Crystal Apple: Recapturing the lost art of service
- Supt. Boyd Keyser, NMSD
- Woodburn Independent - Opinion
Ever start to wonder what happened to the concept of service? Are you frustrated by the dinner order that comes to your table with the wrong items –again, the 10-minute wait at the gas station as the attendants finish up their personal conversation, the interminable wait on the phone as you are processed through an automated customer service center?
These daily instances of indifference might lead us to believe service has become a lost art. I was right there with you in that belief, but Nov. 22 my faith in people and organizations was renewed. The annual Crystal Apple Awards honoring educators is Northern Marion County reminded me that service is alive and thriving in our communities.

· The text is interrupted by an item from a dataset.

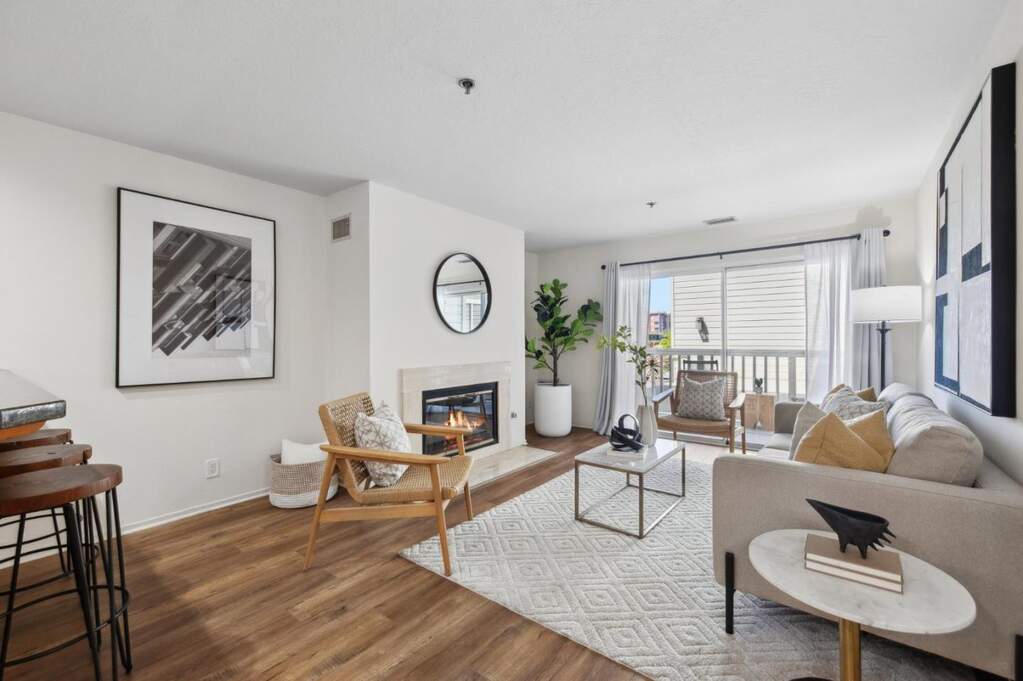 300 Murchison Drive #123, Millbrae, CA 94030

The Woodburn Area Chamber of Commerce was the first group to rekindle my sense of appreciation for those who serve. For over a decade, the chamber has been spending hundreds of hours each year for the sole purpose of recognizing and honoring the many fine educators who nurture our kids.
In particular, the chambers Executive Director Don Judson and office manager Rhonda Judson have gone above and beyond the call of duty to make the event a very special evening. It was especially sad to hear that this will be their last Crystal Apple ceremony. Their hard work and dedication is inspirational and all of us in the educational community thank them and wish them well in their future journeys.
Of course the focus of the evening was on those who truly embody the concept of service, our public educators.
As superintendent, I see what is expected of these public servants every day. We ask them to do more with less, work way beyond the hours they are paid, put up with a mountain of reform initiatives, be chastised for a retirement system they have no control over and do it all with a smile on their face and grace in their heart. The amazing thing is they do just that.
Serving the students and families of our communities is what they have dedicated their entire lives to and at the awards ceremony we got the chance to recognize a few of them for their fine work. A moment of service, or volunteer work is one thing, but to commit a lifetime to helping others realize their highest aspirations is quite another.
Those receiving awards epitomize the selfless nature of the work and we congratulate them on a job well done.
They also represent hundreds of other educators who toil each day making our schools and communities a better place because of their sense of service.
To each of them we say thank you for recapturing the lost art of service.